If you were to ask salespeople what they like most about their jobs, the answer would arguably be: going on sales calls. Salespeople, not surprisingly, want to meet with prospects and existing customers but many say they are hampered from doing so because of excessive paperwork and other “non direct sales” duties. 

In fact, one study points out that salespeople are spending less time with customers than they did years ago. Tom Reilly, founder of Tom Reilly Training, a sales training company based in Chesterfield, Mo., says one study showed that three decades ago salespeople spent 39 percent of their time in face-to-face meetings with customers. Today that figure is down to less than 30 percent.

How to free up time in order to spend more time with customers is an age-old problem for salespeople and sales managers and it’s not just confined to distribution.

That’s why it was especially intriguing to see the step Fastenal, one of the largest MRO distributors in the country, is taking to get salespeople additional time with customers. Fastenal, as you may know, has nearly 2700 locations and 16,000 employees.

Will Oberton, CEO of the Minnesota-based company, said Fastenal would hire up to 900 employees before the end of the year.

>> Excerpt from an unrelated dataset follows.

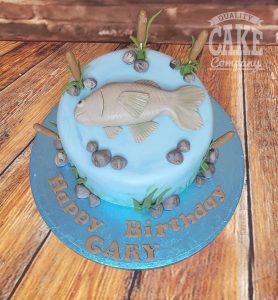 fishing novelty birthday cake - Tamworth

He estimated that would mean hiring about 150 to 300 employees per month.

“The majority of the people we’ll be adding will actually be part-time support people, which will allow the managers and the salespeople to get out of the store and contact customers, “ Oberton said in a conference call with financial analysts, according to a transcript provided by www.seekingalpha.com.

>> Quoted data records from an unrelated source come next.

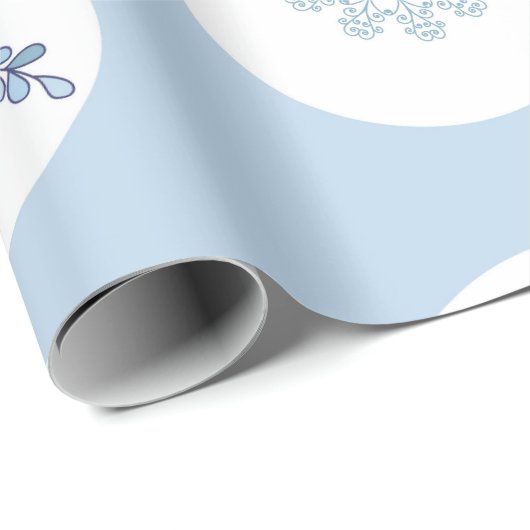 Ditsy Snowflake pattern backgrounds textures Geschenkpapier (Rolleneckpunkt)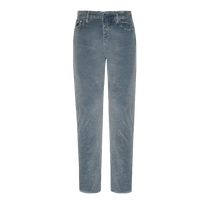 Men Vintage Faded 5-Pocket Corduroy Pants Beige / grey front view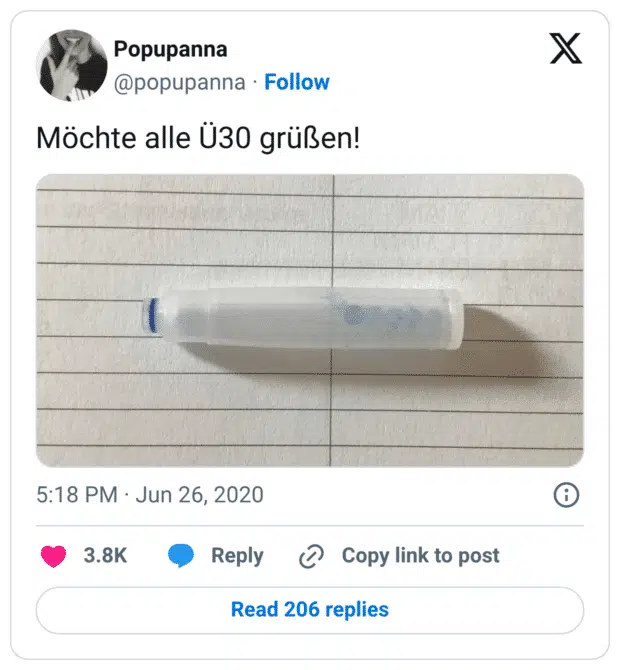 Möchte alle Ü30 grüßen!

This decision comes on top of a solid quarter for the huge distributor, which recorded a 5.3 percent increase in sales. For most companies that would be an exceptional quarter, especially in light of the economy. But Fastenal, which has been one of the fastest-growing distributorships in the country, is not satisfied.  

Oberton, one of the most widely respected executives in the distribution industry, said in the conference call that he and other top executives spent time talking to managers as well as salespeople who told them: “give us some help and we’ll get more sales.”

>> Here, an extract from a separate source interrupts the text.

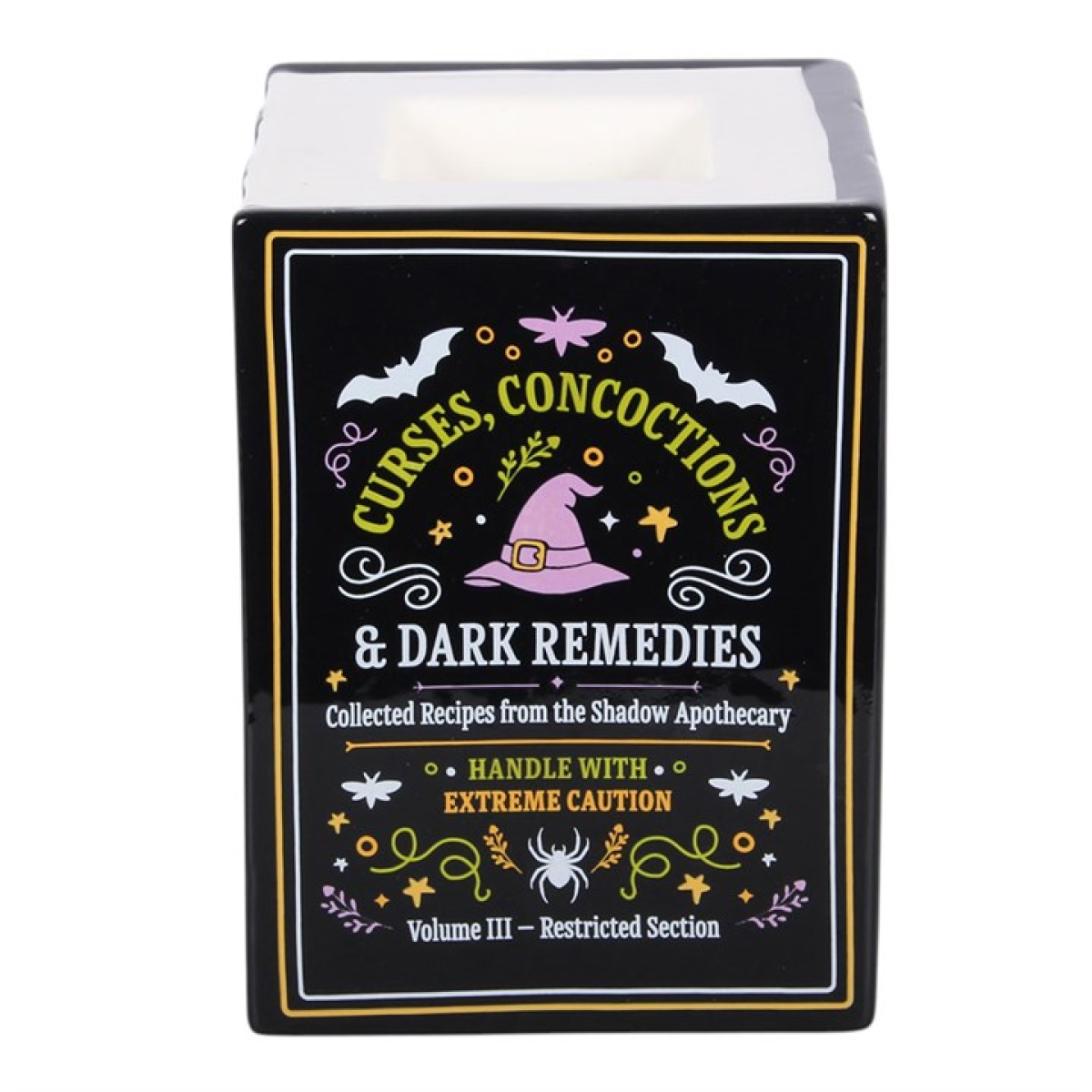 Witch's Apothecary Book Shaped Oil Burner & Wax Warmer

That brings up a question many distributor sales managers should be asking themselves: Are your salespeople spending too much time doing non-essential sales work and not enough time in front of customers?

In talking with some distributor salespeople recently, it seems apparent that cutting back in administrative help has hurt their sales efforts. “I’d give anything to just get some part-time help,” one salesperson told me.

Reilly, whose company has trained thousands of salespeople over the years, says “Fastenal is on to something, 

“Companies that are as large and successful as Fastenal must have done their research in order to make this decision,” he says. They know that something like this will help them in the long run. Basically they’re saying we are going to stand out with the people we have in our company.”

Reilly is quick to point out that having an online presence is a good                  strategy as well but relationships still count for a lot in the selling process. While new technologies allow salespeople to keep in contact with customers more easily, nothing beats a face-to-face meeting.

Salespeople, Reilly says, are the differentiators between companies. “You may be able to commoditize things like products but you can’t commoditize people,” he says.

Reilly, who often speaks at trade association meetings, says that large mega-distributors like Fastenal and MSC Industrial Direct (which is also adding two to three percent more salespeople this year) understand that relationships are still the keys to selling.

He points to one study showing that 79 percent of a salesperson’s career success is based on relationship selling.

“If you think about those numbers, I’m really not surprised that a company like Fastenal is adopting this sales strategy,” Reilly says.